As @encukou’s mentioned, a hypothetical Python implementation might not represent tuples internally as PyObject** (tagged pointers, etc.), and so a hypothetical function
PyObject ** PyTuple_Data(PyObject *)
specific to tuples might not be sufficiently future-proof solution.
Yes, that is not a bad solution, but I think we can do better. If the underlying implementation has tuples stored as contiguous PyObject* pointers, then this copy is superfluous, and it would be nice to avoid it. In a more exotic implementation, the function could still malloc a dedicated output buffer, mass-Py_INCREF pointers, etc.
So my suggestion would be a slightly reduced version of my previous proposal that would be compatible with both of these requirements:
/**
PySequence_Items()
Take a sequence 'seq' and return a pointer to an
`PyObject *` array representing its contents. The returned
object array is immutable: it may neither be changed by the
caller, nor will it reflect future changes performed to 'seq'.
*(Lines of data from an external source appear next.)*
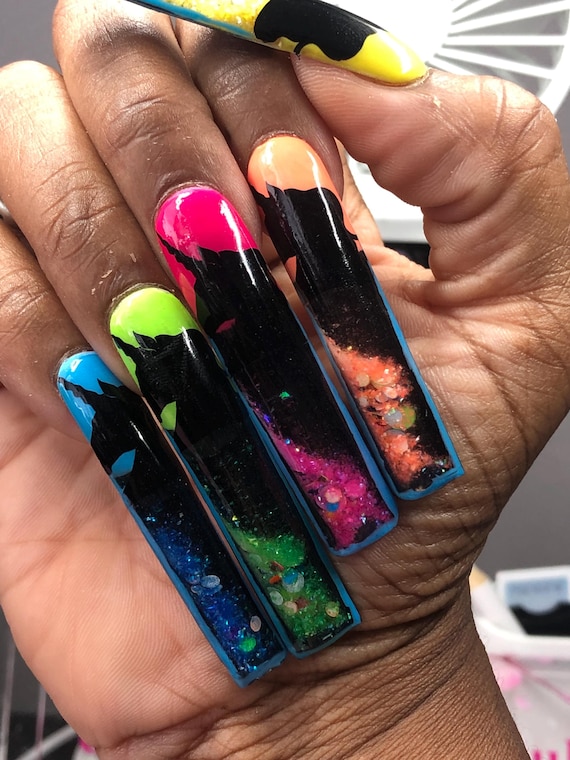 XL Glow in the Dark Aquarium Press on Nails Set UK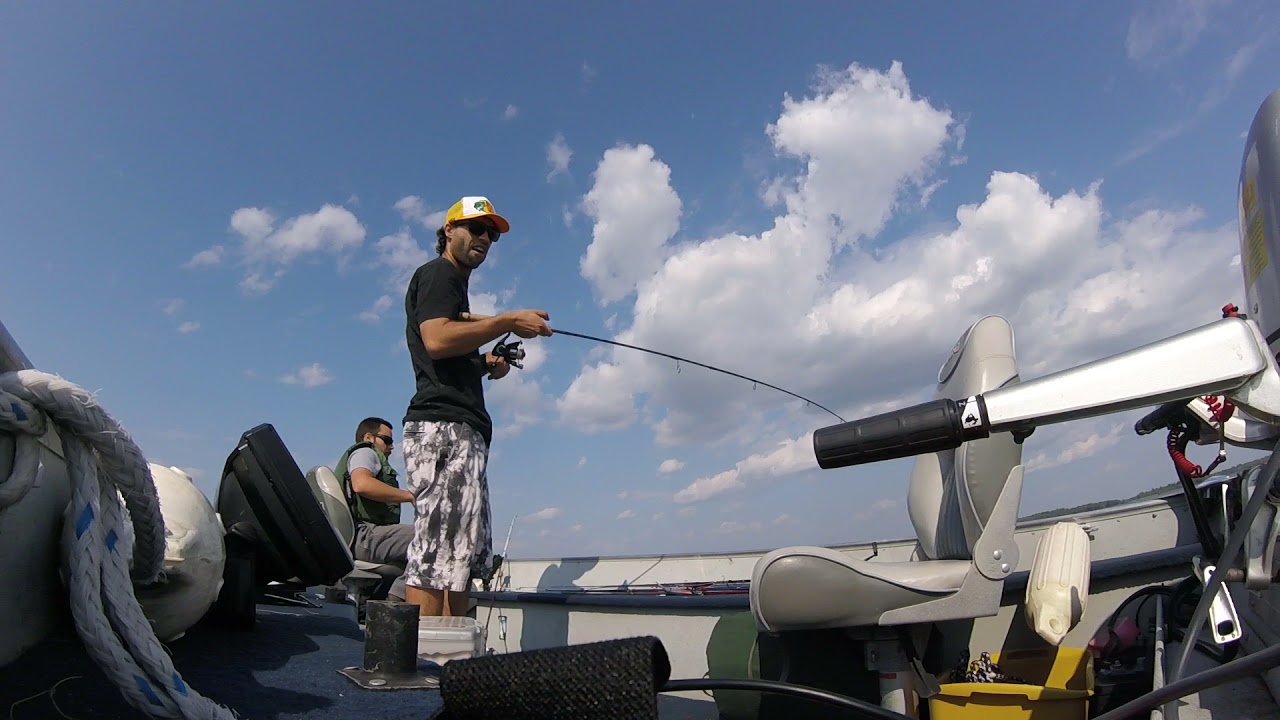 walleye fishing with an old school trolling method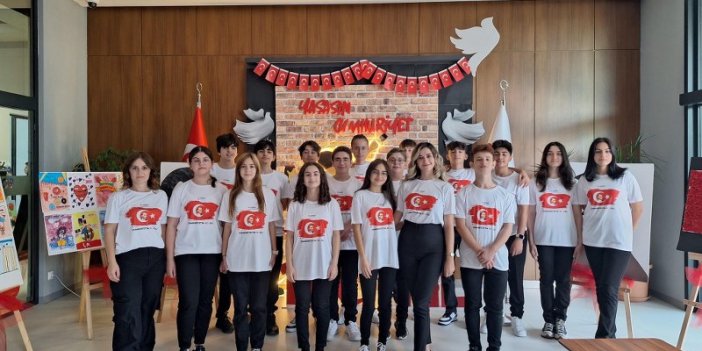 Öğrenciler 100. Yıl coşkusunu metroya taşıdı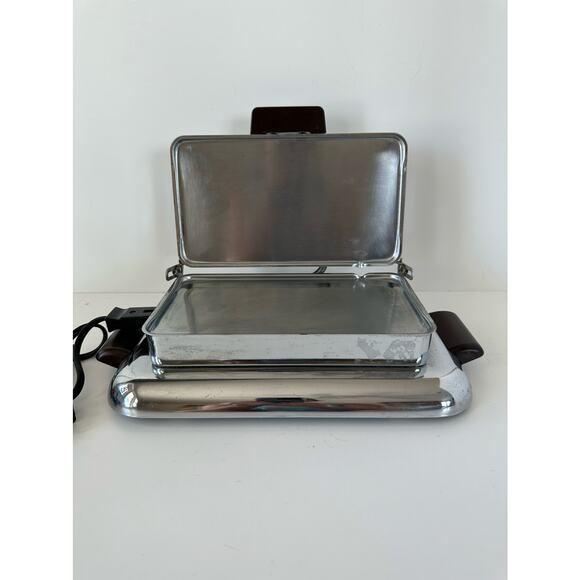 Vtg Boudoir Iron Press Electric Lady Dover St Louis USA Intimates Handkerchiefs - Picture 1 of 8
The 'owner_out' parameter is used to return a Python object
owning returned memory region. It may or may not equal 'seq',
and no assumptions should be made about its type. Its only
purpose is lifetime management -- in particular, the caller
should `Py_DECREF(..)` this object once it no longer needs
access to the object array returned by this function.
The 'size_out' parameter returns the size of the returned
sequence.
*/
PyObject *const *PySequence_Items(PyObject *seq,
PyObject **owner_out,
Py_ssize_t *size_out) {
if (PyTuple_Check(seq)) {
*size_out = PyTuple_GET_SIZE(seq);
*owner_out = Py_NewRef(seq);
return ((PyTupleObject *) seq)->ob_item;
} else {
PyObject *temp = PySequence_Tuple(seq);
if (!temp) {
*owner_out = NULL;
*size_out = -1;
return NULL;
}
*owner_out = temp;
*size_out = PyTuple_GET_SIZE(temp);
return ((PyTupleObject *) temp)->ob_item;
}
}
A more exotic python implementation simply would not have the special case for tuples. It would always allocate new memory for a pointer array, mass-incref, and then return a Python capsule or similar via owner_out, which performs a mass-decref and releases the memory upon expiration of the capsule.
The caller would use this function as follows
PyObject *seq = ...;
PyObject *owner;
Py_ssize_t size;
PyObject **items = Py_Sequence_Items(seq, &owner, &size);
if (!items) { .. error handling .. }
for (Py_ssize_t i = 0; i < size; ++i) {
.. something involving items[i] ..
}
Py_DECREF(owner);
What do you think?